§ **Exercise brief**: From the line containing "Women's Ida Fashion Boot in Saudi Arabia" through the last line, print the records exactly and nothing else.

(Short web captions)
== == ==

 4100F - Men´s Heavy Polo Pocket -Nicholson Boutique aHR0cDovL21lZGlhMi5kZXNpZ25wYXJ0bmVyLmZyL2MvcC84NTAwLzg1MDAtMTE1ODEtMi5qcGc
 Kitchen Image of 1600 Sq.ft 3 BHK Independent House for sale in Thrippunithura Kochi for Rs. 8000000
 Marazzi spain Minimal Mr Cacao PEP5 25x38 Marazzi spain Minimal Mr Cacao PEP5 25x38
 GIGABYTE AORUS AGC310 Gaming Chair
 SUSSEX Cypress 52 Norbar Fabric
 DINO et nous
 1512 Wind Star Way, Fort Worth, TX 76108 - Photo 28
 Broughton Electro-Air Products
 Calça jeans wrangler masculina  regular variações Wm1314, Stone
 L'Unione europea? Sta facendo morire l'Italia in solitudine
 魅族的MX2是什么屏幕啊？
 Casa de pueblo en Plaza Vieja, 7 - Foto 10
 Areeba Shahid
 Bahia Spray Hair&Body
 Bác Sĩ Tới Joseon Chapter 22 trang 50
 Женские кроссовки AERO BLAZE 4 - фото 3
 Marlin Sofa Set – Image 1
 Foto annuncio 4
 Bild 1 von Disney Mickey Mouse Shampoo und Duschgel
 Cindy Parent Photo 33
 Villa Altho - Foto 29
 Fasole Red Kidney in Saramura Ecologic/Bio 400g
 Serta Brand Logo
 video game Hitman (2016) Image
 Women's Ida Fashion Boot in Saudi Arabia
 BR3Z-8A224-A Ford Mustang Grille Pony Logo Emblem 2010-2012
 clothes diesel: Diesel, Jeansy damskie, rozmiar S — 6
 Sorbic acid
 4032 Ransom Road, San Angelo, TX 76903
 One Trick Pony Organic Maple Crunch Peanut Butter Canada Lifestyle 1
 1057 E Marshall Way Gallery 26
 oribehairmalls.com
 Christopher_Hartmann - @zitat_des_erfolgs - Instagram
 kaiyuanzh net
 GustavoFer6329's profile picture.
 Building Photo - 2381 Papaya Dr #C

== == ==

§ **Answer to this task**:
 Women's Ida Fashion Boot in Saudi Arabia
 BR3Z-8A224-A Ford Mustang Grille Pony Logo Emblem 2010-2012
 clothes diesel: Diesel, Jeansy damskie, rozmiar S — 6
 Sorbic acid
 4032 Ransom Road, San Angelo, TX 76903
 One Trick Pony Organic Maple Crunch Peanut Butter Canada Lifestyle 1
 1057 E Marshall Way Gallery 26
 oribehairmalls.com
 Christopher_Hartmann - @zitat_des_erfolgs - Instagram
 kaiyuanzh net
 GustavoFer6329's profile picture.
 Building Photo - 2381 Papaya Dr #C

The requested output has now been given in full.